How to set up Dynamic DNS with Cloudflare

Intro

As someone too poor to pay for a static IP, I struggled a little when I wanted to set up a VPN tunnel into my home network so I could access my self-hosted applications. Fortunately, getting DDNS working is actually quite easy and it only takes a few minutes.

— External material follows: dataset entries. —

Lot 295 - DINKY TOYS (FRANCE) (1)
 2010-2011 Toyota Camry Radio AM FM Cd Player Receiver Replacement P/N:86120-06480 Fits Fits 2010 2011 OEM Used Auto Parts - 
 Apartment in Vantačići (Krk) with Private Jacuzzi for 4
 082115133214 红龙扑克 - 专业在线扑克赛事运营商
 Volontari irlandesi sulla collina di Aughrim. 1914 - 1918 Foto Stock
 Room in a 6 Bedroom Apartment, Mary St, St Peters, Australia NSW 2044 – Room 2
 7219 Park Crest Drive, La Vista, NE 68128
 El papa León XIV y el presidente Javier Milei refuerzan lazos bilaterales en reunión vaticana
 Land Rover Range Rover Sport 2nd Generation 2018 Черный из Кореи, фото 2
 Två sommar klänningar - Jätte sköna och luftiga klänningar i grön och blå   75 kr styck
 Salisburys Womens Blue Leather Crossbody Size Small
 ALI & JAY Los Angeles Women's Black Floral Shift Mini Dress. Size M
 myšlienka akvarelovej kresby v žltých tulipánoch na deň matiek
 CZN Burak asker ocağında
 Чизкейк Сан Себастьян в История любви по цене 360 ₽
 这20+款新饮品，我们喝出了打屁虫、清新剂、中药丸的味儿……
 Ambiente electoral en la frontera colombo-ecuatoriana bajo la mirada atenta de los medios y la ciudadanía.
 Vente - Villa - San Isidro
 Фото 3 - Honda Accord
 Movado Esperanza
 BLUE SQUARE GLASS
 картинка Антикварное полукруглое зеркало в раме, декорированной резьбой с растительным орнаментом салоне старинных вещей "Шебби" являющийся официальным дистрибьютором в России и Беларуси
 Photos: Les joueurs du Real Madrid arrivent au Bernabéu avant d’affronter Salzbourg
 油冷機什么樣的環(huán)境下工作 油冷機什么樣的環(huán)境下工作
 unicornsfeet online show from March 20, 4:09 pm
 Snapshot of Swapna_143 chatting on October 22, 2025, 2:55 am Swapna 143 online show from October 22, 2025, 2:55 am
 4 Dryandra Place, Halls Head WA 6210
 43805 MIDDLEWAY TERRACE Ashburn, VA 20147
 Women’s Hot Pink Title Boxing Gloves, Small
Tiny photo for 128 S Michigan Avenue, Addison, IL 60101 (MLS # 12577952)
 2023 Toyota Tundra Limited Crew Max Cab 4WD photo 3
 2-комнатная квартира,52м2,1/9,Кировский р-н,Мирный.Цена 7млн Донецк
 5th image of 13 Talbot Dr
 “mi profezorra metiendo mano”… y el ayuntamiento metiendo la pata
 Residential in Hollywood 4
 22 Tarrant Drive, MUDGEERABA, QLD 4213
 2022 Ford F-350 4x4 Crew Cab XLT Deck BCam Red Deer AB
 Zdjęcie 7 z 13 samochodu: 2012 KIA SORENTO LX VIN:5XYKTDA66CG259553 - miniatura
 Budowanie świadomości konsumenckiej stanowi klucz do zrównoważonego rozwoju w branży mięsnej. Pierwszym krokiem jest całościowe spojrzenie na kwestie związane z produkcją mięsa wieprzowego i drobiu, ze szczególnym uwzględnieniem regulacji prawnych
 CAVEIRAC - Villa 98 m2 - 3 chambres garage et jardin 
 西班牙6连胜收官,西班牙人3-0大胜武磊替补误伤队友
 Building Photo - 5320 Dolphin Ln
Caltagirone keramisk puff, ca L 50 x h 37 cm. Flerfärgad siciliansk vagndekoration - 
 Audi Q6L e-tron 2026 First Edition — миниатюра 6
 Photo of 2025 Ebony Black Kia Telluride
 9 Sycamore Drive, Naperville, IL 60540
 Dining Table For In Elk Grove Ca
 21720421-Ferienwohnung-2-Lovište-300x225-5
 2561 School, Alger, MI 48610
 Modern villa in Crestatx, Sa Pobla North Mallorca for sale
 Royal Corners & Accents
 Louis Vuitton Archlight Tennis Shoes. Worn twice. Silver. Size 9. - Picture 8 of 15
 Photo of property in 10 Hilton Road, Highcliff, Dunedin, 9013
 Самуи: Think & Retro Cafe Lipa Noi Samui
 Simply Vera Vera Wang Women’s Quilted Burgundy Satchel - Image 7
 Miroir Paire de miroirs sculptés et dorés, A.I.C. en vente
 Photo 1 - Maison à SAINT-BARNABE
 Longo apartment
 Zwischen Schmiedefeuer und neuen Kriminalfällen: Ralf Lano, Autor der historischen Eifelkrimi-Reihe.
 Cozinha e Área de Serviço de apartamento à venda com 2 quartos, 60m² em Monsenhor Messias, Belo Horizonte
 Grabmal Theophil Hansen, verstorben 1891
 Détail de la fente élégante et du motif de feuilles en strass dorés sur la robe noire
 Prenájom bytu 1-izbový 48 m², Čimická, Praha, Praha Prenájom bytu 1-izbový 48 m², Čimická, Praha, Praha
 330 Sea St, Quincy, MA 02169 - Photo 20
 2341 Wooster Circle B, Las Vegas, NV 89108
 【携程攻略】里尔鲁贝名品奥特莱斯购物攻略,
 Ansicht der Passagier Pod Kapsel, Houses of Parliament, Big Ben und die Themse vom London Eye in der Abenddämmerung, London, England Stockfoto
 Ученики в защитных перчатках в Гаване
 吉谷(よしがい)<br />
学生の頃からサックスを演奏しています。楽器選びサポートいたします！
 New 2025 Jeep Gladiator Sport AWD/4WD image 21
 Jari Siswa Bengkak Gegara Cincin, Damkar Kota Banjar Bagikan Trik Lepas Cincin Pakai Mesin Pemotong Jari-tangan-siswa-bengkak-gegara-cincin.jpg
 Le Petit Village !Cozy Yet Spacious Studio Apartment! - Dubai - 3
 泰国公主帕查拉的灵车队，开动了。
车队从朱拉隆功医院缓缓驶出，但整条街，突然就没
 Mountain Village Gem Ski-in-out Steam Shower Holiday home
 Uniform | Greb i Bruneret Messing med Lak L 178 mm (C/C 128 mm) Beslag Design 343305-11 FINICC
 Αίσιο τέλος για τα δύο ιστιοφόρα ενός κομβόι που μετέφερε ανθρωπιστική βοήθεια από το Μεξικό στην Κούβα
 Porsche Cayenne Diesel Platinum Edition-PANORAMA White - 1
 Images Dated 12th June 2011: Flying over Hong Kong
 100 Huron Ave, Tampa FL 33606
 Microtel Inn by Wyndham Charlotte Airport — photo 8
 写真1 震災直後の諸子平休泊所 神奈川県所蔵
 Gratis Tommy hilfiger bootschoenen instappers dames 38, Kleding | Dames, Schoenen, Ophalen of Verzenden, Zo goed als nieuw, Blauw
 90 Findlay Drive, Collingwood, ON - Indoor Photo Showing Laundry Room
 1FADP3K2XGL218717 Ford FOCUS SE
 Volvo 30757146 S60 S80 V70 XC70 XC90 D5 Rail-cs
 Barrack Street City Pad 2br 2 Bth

I’ll be using ZenDNS for this article because I wrote it myself to be simple and easy to use. As the title suggests, I’ll only cover the configuration for Cloudflare but ZenDNS also has support for other providers.

This guide assumes you’re using Linux, but you should be able follow on MacOS and Windows as well.

Requirements

  • Working knowledge of the commandline
  • ZenDNS
  • A Cloudflare API Token with Zone:Zone:Read and Zone:DNS:Write permissions

Installing ZenDNS

Navigate over to install instructions and choose the installation option that works best for you.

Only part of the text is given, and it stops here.